Human Papillomavirus-Associated Oropharyngeal Cancer: Defining Risk Groups and Clinical Trials

Abstract

Human papillomavirus-associated oropharynx cancer (HPVA-OPC) is rapidly increasing in incidence and has unique epidemiologic, molecular, and biologic characteristics. Despite being recognized as having superior prognosis, current evidence does not support less intense therapy compared with HPV-negative OPC. Current combined modality therapies confer a significant risk of morbidity, and patients with HPVA-OPC have a younger median age.
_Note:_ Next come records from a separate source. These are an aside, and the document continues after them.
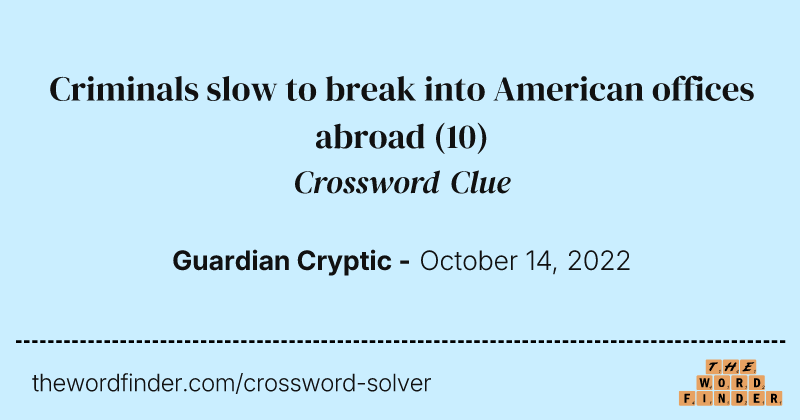 Criminals slow to break into American offices abroad crossword clue image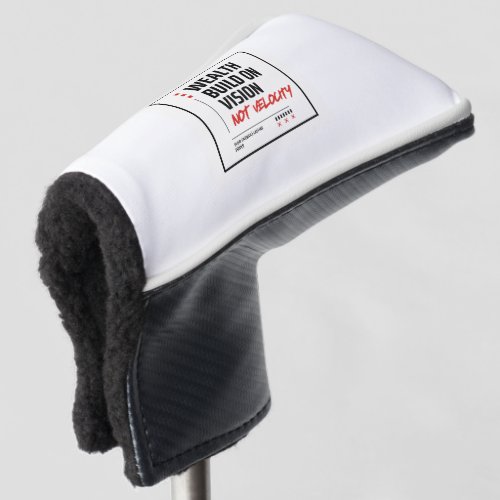 WEALTH BUILT ON VISION, NOT VELOCITY. - Investor Golf Head Cover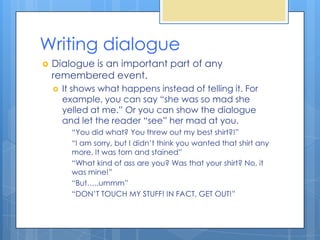 Writing dialogue
   Dialogue is an important part of any
    remembered event.
       It shows what happens instead of telling it. For
        example, you can say “she was so mad she
        yelled at me.” Or you can show the dialogue
        and let the reader “see” her mad at you.
          “You did what? You threw out my best shirt?!”
          “I am sorry, but I didn’t think you wanted that shirt any
          more. It was torn and stained”
          “What kind of ass are you? Was that your shirt? No, it
          was mine!”
          “But…..ummm”
          “DON’T TOUCH MY STUFF! IN FACT, GET OUT!”
 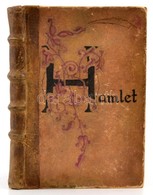 Shakespeare: Hamlet, Dán Királyfi. Ford.: Arany János. Bp., én., Lampel R. (Wodianar F. és Fiai.), 143 P. Bordázott, Ill - Unclassified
These patients, therefore, live longer with the adverse effects of treatment, and this spurs the development of treatment deintensification trials that attempt to decrease treatment-related morbidity without compromising efficacy. Many radiation and chemotherapy de-escalation trials are underway. Minimally invasive surgical techniques are also being evaluated. It is important to identify the ideal patient group for treatment deintensification and to define prognostic risk groups to avoid undertreating the poorer-risk subset in HPVA-OPC, and validated biomarkers are needed to identify patients with the best prognosis. Significant smoking exposure mitigates the favorable prognosis of HPVA-OPC. Currently, less intense treatment is an option only in the setting of clinical trials, and patients with HPVA-OPC should be offered clinical trial options whenever they are available. Finally, recognition of novel therapeutic targets and signaling pathways is critical to the development of new treatment strategies that are desperately needed for patients with poor risk and those with recurrent and metastatic disease.

Fig 1.

Risk classification for oropharynx cancer according to human papillomavirus (HPV) status for overall survival (OS). Adapted from Ang et al. PY, pack-years.

Fig 2.

Risk classification for oropharynx cancer according to human papillomavirus (HPV) status for distant control (DC) and locoregional control (LRC). Adapted from O'Sullivan et al.